Work task: In the listing that follows, locate the line containing "Slide: The Image" and the line containing "Delicious cottage cheese". Retype exactly those two lines and every line between them, and nothing more.

********

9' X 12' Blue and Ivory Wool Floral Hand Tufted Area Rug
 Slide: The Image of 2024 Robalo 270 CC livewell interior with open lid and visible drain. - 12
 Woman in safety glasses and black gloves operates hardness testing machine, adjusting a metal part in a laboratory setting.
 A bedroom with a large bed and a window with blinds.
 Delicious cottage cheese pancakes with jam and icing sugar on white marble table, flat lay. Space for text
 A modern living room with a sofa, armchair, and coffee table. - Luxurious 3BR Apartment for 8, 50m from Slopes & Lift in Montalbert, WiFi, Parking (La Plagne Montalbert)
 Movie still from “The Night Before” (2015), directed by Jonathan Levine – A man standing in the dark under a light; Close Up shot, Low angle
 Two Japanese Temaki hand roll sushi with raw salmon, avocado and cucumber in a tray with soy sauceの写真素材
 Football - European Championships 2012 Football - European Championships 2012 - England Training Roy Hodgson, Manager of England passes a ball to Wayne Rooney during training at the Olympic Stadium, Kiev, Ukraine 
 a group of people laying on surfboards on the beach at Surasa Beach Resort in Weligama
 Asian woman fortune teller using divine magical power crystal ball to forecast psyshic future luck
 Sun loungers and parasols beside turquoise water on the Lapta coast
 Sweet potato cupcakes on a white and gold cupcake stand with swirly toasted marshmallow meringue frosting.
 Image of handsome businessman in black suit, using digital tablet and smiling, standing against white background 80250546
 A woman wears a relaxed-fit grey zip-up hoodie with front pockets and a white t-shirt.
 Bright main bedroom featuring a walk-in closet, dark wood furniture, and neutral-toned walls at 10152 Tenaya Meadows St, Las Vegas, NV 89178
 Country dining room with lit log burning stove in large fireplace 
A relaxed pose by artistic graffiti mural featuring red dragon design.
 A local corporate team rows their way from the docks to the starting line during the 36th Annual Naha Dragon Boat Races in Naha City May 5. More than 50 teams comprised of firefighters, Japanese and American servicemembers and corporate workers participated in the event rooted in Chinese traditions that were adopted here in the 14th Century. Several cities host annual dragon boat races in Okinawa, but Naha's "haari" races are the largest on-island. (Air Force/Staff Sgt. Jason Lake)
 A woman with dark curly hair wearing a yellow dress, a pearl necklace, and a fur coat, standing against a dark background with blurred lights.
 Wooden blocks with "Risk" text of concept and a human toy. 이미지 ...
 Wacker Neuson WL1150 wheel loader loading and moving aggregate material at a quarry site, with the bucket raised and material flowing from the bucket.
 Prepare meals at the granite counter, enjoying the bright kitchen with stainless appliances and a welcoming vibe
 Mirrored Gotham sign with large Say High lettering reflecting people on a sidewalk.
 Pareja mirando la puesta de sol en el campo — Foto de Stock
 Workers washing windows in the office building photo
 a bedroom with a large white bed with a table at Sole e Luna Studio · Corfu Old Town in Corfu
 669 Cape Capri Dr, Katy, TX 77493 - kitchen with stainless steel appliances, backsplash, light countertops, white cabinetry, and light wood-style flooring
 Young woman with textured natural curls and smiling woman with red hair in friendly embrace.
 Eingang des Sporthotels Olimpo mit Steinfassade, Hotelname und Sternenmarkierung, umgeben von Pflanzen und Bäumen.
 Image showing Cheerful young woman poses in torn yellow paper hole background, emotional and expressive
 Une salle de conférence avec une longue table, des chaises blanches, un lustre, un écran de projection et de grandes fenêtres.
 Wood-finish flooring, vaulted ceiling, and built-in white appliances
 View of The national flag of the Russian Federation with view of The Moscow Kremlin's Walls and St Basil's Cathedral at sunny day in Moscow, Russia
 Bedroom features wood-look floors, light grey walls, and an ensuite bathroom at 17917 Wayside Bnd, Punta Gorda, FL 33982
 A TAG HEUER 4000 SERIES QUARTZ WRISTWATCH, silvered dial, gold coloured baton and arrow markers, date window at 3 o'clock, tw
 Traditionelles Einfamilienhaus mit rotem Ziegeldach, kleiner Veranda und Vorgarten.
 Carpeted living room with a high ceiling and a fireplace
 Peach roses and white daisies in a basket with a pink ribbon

********

Exercise result:
 Slide: The Image of 2024 Robalo 270 CC livewell interior with open lid and visible drain. - 12
 Woman in safety glasses and black gloves operates hardness testing machine, adjusting a metal part in a laboratory setting.
 A bedroom with a large bed and a window with blinds.
 Delicious cottage cheese pancakes with jam and icing sugar on white marble table, flat lay. Space for text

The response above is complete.